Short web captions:
▽

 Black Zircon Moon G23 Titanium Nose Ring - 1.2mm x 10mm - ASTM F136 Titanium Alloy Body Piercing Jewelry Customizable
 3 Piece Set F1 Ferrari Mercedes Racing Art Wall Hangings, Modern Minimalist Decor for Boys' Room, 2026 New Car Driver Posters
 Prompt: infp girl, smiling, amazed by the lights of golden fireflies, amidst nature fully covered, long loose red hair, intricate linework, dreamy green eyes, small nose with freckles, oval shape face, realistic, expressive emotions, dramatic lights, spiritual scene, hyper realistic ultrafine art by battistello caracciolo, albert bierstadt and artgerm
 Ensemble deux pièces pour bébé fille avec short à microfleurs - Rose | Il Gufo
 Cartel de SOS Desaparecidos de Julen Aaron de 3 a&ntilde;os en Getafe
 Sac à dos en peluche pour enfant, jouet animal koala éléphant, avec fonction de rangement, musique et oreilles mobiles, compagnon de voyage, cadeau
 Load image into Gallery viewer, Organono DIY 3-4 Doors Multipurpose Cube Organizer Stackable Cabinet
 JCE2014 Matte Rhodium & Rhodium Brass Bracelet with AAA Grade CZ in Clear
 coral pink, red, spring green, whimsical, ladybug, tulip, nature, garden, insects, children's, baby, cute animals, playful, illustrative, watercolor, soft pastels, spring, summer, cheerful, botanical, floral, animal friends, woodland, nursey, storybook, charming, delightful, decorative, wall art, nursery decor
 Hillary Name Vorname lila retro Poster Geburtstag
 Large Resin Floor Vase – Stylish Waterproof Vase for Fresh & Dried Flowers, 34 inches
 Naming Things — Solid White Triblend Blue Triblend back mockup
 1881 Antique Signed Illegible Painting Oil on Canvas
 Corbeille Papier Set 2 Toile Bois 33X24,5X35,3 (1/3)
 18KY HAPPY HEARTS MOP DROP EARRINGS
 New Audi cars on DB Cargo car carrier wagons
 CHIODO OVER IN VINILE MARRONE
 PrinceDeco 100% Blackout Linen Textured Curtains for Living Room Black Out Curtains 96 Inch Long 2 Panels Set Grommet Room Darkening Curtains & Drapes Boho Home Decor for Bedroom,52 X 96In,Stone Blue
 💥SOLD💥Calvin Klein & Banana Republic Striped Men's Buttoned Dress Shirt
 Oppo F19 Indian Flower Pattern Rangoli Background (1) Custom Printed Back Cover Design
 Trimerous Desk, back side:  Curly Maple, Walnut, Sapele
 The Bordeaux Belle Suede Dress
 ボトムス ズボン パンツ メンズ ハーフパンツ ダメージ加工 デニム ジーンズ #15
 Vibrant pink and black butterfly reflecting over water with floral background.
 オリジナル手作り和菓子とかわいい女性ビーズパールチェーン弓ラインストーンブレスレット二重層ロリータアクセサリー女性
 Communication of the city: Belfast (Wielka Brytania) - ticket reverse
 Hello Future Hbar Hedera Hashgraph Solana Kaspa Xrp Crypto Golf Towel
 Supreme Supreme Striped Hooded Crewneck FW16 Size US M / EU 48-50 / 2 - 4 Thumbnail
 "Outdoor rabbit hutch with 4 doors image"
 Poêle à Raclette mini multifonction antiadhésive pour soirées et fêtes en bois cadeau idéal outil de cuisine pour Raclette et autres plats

△

Transcribe each entry exactly.

_Solution to the exercise_.
 Black Zircon Moon G23 Titanium Nose Ring - 1.2mm x 10mm - ASTM F136 Titanium Alloy Body Piercing Jewelry Customizable
 3 Piece Set F1 Ferrari Mercedes Racing Art Wall Hangings, Modern Minimalist Decor for Boys' Room, 2026 New Car Driver Posters
 Prompt: infp girl, smiling, amazed by the lights of golden fireflies, amidst nature fully covered, long loose red hair, intricate linework, dreamy green eyes, small nose with freckles, oval shape face, realistic, expressive emotions, dramatic lights, spiritual scene, hyper realistic ultrafine art by battistello caracciolo, albert bierstadt and artgerm
 Ensemble deux pièces pour bébé fille avec short à microfleurs - Rose | Il Gufo
 Cartel de SOS Desaparecidos de Julen Aaron de 3 a&ntilde;os en Getafe
 Sac à dos en peluche pour enfant, jouet animal koala éléphant, avec fonction de rangement, musique et oreilles mobiles, compagnon de voyage, cadeau
 Load image into Gallery viewer, Organono DIY 3-4 Doors Multipurpose Cube Organizer Stackable Cabinet
 JCE2014 Matte Rhodium & Rhodium Brass Bracelet with AAA Grade CZ in Clear
 coral pink, red, spring green, whimsical, ladybug, tulip, nature, garden, insects, children's, baby, cute animals, playful, illustrative, watercolor, soft pastels, spring, summer, cheerful, botanical, floral, animal friends, woodland, nursey, storybook, charming, delightful, decorative, wall art, nursery decor
 Hillary Name Vorname lila retro Poster Geburtstag
 Large Resin Floor Vase – Stylish Waterproof Vase for Fresh & Dried Flowers, 34 inches
 Naming Things — Solid White Triblend Blue Triblend back mockup
 1881 Antique Signed Illegible Painting Oil on Canvas
 Corbeille Papier Set 2 Toile Bois 33X24,5X35,3 (1/3)
 18KY HAPPY HEARTS MOP DROP EARRINGS
 New Audi cars on DB Cargo car carrier wagons
 CHIODO OVER IN VINILE MARRONE
 PrinceDeco 100% Blackout Linen Textured Curtains for Living Room Black Out Curtains 96 Inch Long 2 Panels Set Grommet Room Darkening Curtains & Drapes Boho Home Decor for Bedroom,52 X 96In,Stone Blue
 💥SOLD💥Calvin Klein & Banana Republic Striped Men's Buttoned Dress Shirt
 Oppo F19 Indian Flower Pattern Rangoli Background (1) Custom Printed Back Cover Design
 Trimerous Desk, back side:  Curly Maple, Walnut, Sapele
 The Bordeaux Belle Suede Dress
 ボトムス ズボン パンツ メンズ ハーフパンツ ダメージ加工 デニム ジーンズ #15
 Vibrant pink and black butterfly reflecting over water with floral background.
 オリジナル手作り和菓子とかわいい女性ビーズパールチェーン弓ラインストーンブレスレット二重層ロリータアクセサリー女性
 Communication of the city: Belfast (Wielka Brytania) - ticket reverse
 Hello Future Hbar Hedera Hashgraph Solana Kaspa Xrp Crypto Golf Towel
 Supreme Supreme Striped Hooded Crewneck FW16 Size US M / EU 48-50 / 2 - 4 Thumbnail
 "Outdoor rabbit hutch with 4 doors image"
 Poêle à Raclette mini multifonction antiadhésive pour soirées et fêtes en bois cadeau idéal outil de cuisine pour Raclette et autres plats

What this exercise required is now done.